Ten years too young, probably.
She just had the perfect look, the one I’d hunted for all my adult life that no submissive had ever matched—
Never mind. It didn’t matter. Wildly inappropriate, remember?
Still, if I didn’t find an outlet for the stress soon, I’d crack.
And Clemonte men never cracked.
Hence the punishing daily runs.
Only today had been a poor performance all around, and as I begrudgingly started back down the steep slope, I did so with even more failure closing in. After all, the run wasn’t complete yet, but if I dragged this on for too long, I would be behind on everything all day, and that was just unacceptable.
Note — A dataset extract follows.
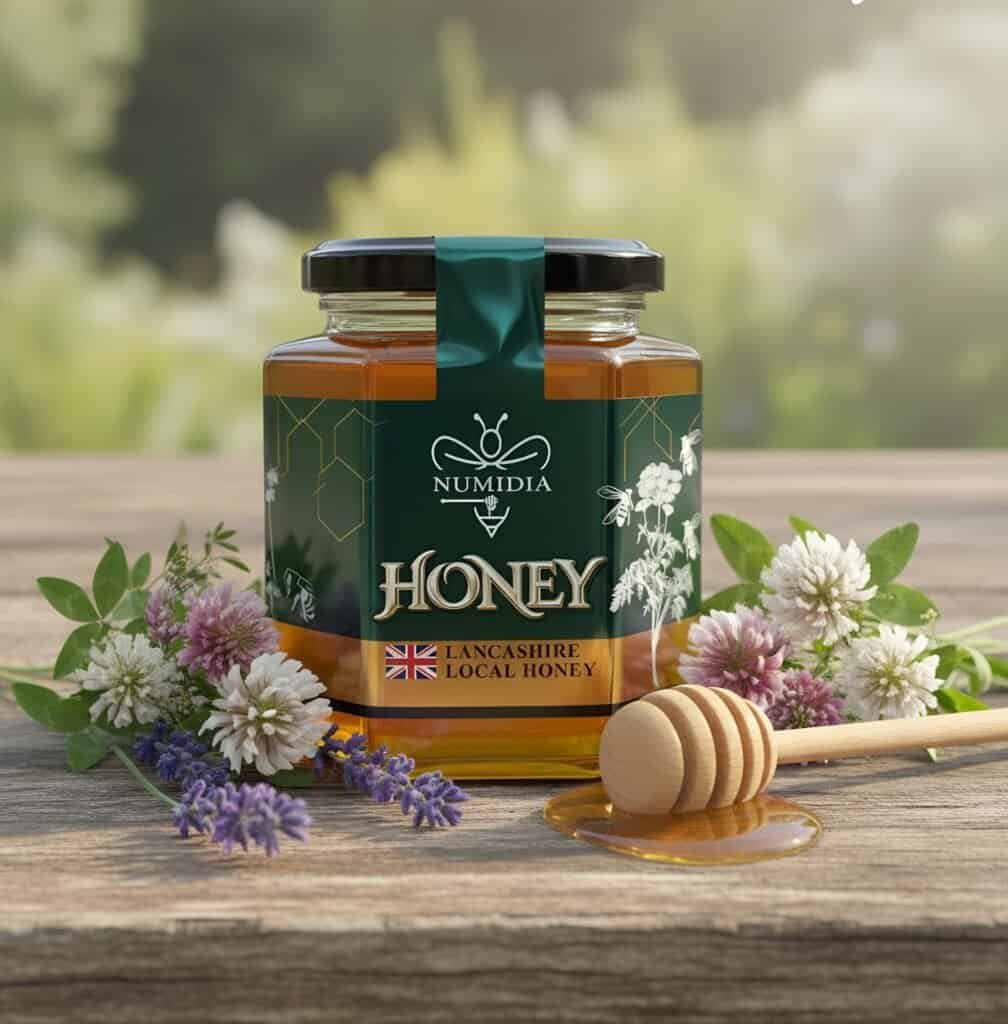 Numidia Kingdom British honey jar on a kitchen countertop with berries and honey dipper.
Jogging back, I focused on my breathing, on the horizon, trying desperately to block everything else out and tunnel my mind into something singular. Frustration made that near impossible, and with Root Rot and its glorious walls soaring in the distance, the path twisting and twining around bogs and hills and scattered patches of thorny brush, I gave up. Just this once, just for now, I let it all come crashing down, surrendering to the calamity, drowning in disappointment.
Until something caught my eye.
Something that shouldn’t be there.
Clothes—scattered in the grass, just off the path’s sharp turn. The morning’s chill finally whispered across my skin as I slowed and eventually came to a complete stop, sunlight streaking brilliantly through the overcast, and the thawing damp brushed my pant legs with every stride into the grass.